Although a strong genetic susceptibility has been established for NIDDM and a maternal transmission of the disease predominates in some populations, a relationship between parental diabetes status and metabolic abnormalities in nondiabetic offspring has not been shown in humans. To address this question, we studied 2,152 first-degree relatives of patients with NIDDM (FH+) and 528 age- and weight-matched spouses without a family history of NIDDM (FH−) in Western Finland (the Botnia study). A subset of the subjects underwent a euglycemic insulin clamp combined with indirect calorimetry to measure insulin sensitivity and energy expenditure. Despite similar amounts of total body fat, persons with a family history of NIDDM had a greater waist-to-hip ratio (WHR) than spouses without a family history of diabetes (P < 0.003). They also had a decreased resting metabolic rate (P = 0.005), but this difference disappeared when adjusted for the difference in WHR. Insulin-stimulated glucose metabolism (P = 0.002), particularly nonoxidative glucose metabolism (P = 0.009), was reduced in FH+ compared with FH− subjects, and this difference remained after adjustment for WHR. A parental history of NIDDM influenced the insulin response to the oral glucose load, with male offspring of diabetic mothers showing the lowest insulin values (P = 0.011). Moreover, a parental effect was also observed on HDL and HDL2 cholesterol concentrations with female offspring of diabetic mothers showing lower values than female offspring of diabetic fathers (both P < 0.002).
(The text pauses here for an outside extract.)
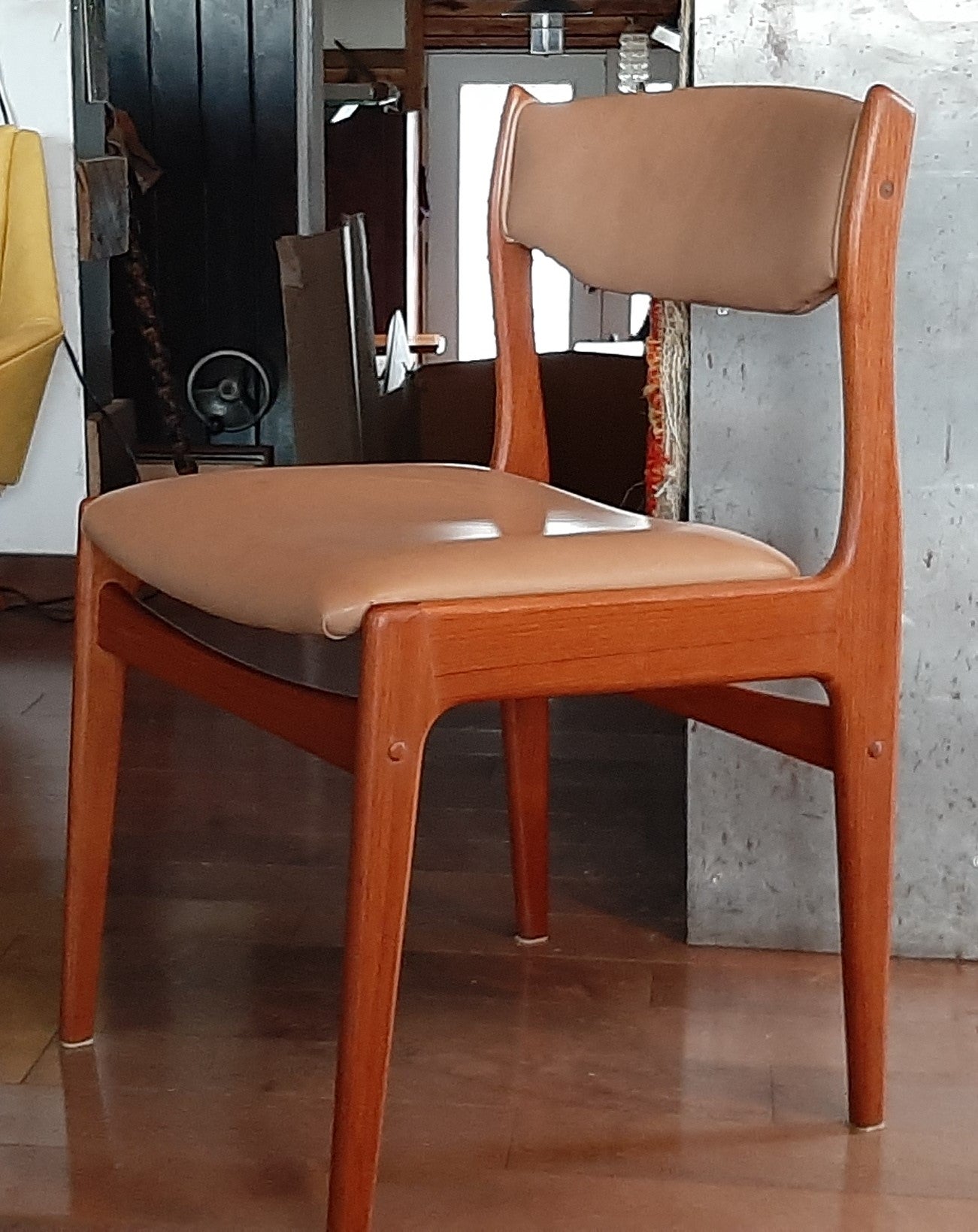 6 Danish MCM Teak Chairs  RESTORED, perfect, each $229 only - Mid Century Modern Toronto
We conclude that abdominal obesity, insulin resistance, and decreased resting metabolic rate are characteristic features of first-degree relatives of patients with NIDDM and that the decrease in resting metabolic rate is partially related to the degree of abdominal obesity. A sex-specific paternal effect was observed on insulin and HDL cholesterol concentrations. Therefore, one has to consider the possibility of unprecedented maternal or paternal inheritance of different NIDDM phenotypes.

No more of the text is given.